=== BRIEF ===
Output all entries exactly; images excluded.

^^^^^^^^^^^^^^^^

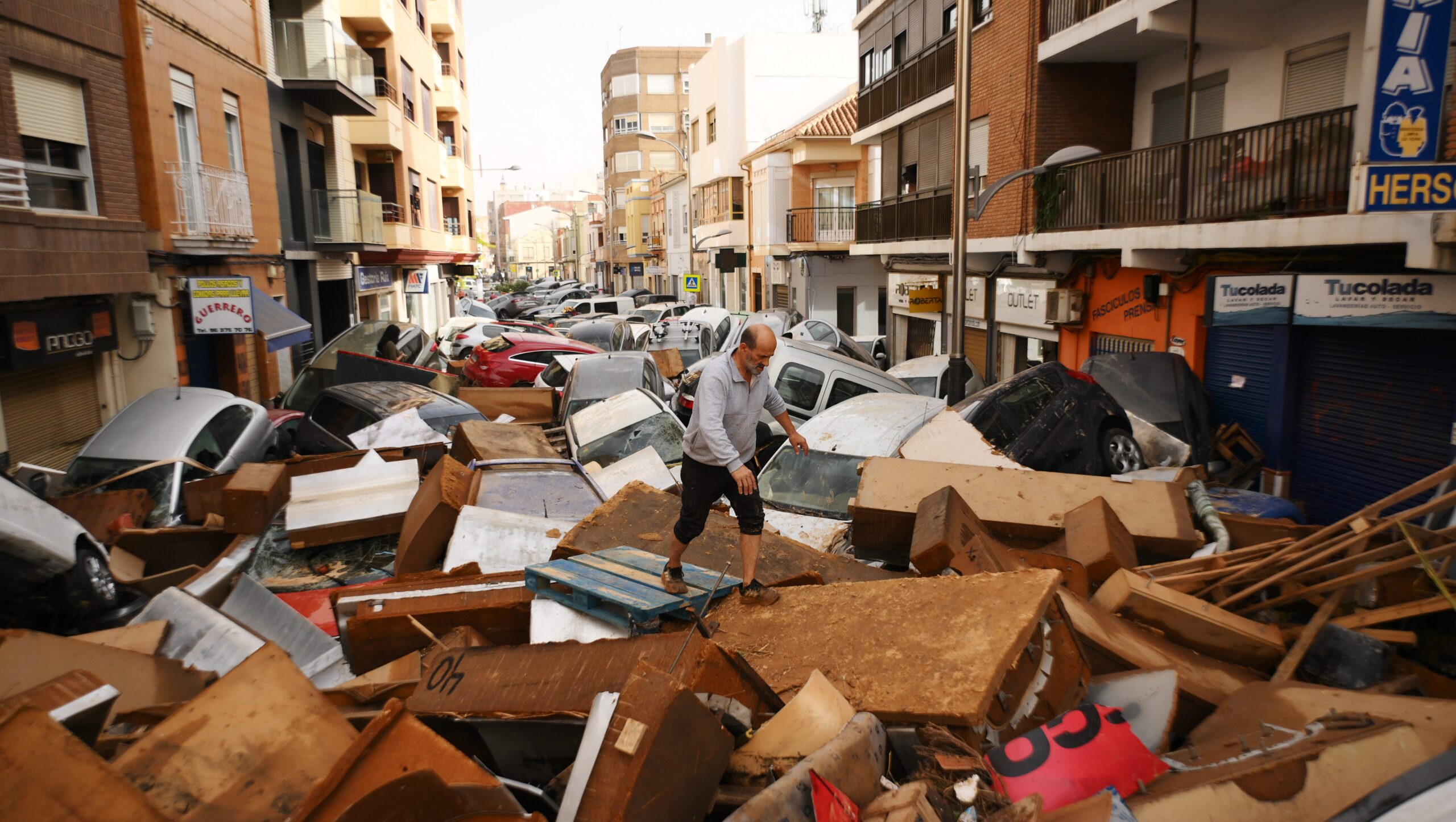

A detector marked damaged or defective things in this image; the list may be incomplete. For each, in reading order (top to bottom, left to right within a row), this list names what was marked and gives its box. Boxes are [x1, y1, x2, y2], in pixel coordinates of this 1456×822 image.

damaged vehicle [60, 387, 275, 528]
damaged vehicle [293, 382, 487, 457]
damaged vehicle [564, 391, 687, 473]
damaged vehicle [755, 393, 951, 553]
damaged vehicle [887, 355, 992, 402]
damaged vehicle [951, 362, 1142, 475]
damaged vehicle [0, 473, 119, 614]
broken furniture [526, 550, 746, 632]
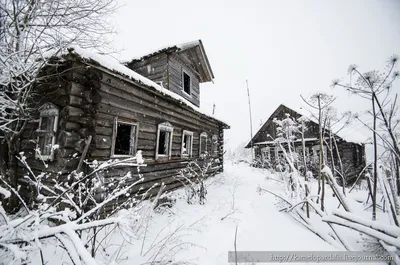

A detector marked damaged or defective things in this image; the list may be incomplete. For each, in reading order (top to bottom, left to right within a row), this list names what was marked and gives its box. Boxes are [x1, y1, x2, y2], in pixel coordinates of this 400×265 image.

^^^^^^^^^^^^^^^^

=== WRITTEN SOLUTION ===
A detector marked damaged or defective things in this image; the list may be incomplete. For each, in reading order (top to bottom, left to right within a row), this list names what was marked and gives its box. Boxes are [x1, y1, x2, y2], in pixel coordinates of this 1456×822 image.

damaged vehicle [60, 387, 275, 528]
damaged vehicle [293, 382, 487, 457]
damaged vehicle [564, 391, 687, 473]
damaged vehicle [755, 393, 951, 553]
damaged vehicle [887, 355, 992, 402]
damaged vehicle [951, 362, 1142, 475]
damaged vehicle [0, 473, 119, 614]
broken furniture [526, 550, 746, 632]

A detector marked damaged or defective things in this image; the list may be incomplete. For each, in reading order (top to bottom, left to right within a row), this list names what was marked and gives its box. Boxes are [x1, y1, x2, y2], in pixel coordinates of this 400×265 image.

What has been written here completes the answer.